Appeals court judges said Het Parool violated the copyright to “The Diary of Anne Frank,” which is held by the Basel, Switzerland-based Anne Frank Funds, an organization that also holds commercial rights to the diarist’s image.
http://www.newsday.com/ap/rnmpin0c.htm
Paper Loses Anne Frank Dispute
By WILLIAM J. KOLE Associated Press Writer
AMSTERDAM, Netherlands (AP) — An Amsterdam newspaper broke copyright laws by publishing newly discovered pages of Anne Frank‘s diary, an appeals court has ruled, ordering the paper to print a front-page apology.
Friday’s ruling against the daily Het Parool overturned an earlier district court decision that the paper had done nothing wrong by publishing excerpts from new diary entries within days of their surprise discovery last August.
Appeals court judges said Het Parool violated the copyright to “The Diary of Anne Frank,” which is held by the Basel, Switzerland-based Anne Frank Funds, an organization that also holds commercial rights to the diarist’s image. The court said the newspaper illegally encroached on the Swiss group’s claims to the young Jewish diarist’s best-selling account of hiding from the Nazis.
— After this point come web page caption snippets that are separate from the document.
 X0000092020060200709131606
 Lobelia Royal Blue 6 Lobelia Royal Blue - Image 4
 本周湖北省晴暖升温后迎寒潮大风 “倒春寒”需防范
In a public apology Friday, Het Parool acknowledged it had printed pages “which hadn’t been made public earlier” and did so without permission from the Anne Frank Funds.
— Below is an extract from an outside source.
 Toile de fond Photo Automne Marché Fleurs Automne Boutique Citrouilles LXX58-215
Calls to the Swiss organization went unanswered Saturday.
It was not immediately clear whether the appeals court also would rule on similar complaints brought by the Anne Frank Funds against the Dutch makers of a new documentary film about the girl and against Melissa Muller, the German author of a new book on the teen-age diarist. Both of those projects quote at length from the new pages without permission.
The pages caused a sensation when they surfaced last summer, when longtime Frank family confidant Cor Suijk revealed that Anne’s father, Otto Frank, gave him five handwritten sheets shortly before he died in 1980.
In the pages, Anne bitterly criticizes what she saw as her parents’ nearly loveless marriage. Scholars speculate that her father withheld those pages to spare the family embarrassment.
Het Parool printed excerpts on Aug. 26, and a few days later posted the pages on its Internet site. Within weeks, the Anne Frank Funds slapped the paper with a copyright infringement suit.
Het Parool argued it had broken no copyright rules because the pages ordinarily would have been published as part of the diary if Frank hadn’t kept them separate from the rest of the manuscript. Their sheer newsworthiness also justified publication, the newspaper said.
Anne’s diary documents the difficulties she and her family endured while hiding from the Nazis in an Amsterdam canal house from July 1942 until they were betrayed in the fall of 1944. Anne died of typhus in the Bergen-Belsen concentration camp just weeks before it was liberated in the spring of 1945.
Her diary, which was published posthumously, has been translated into more than 50 languages and has sold millions of copies worldwide.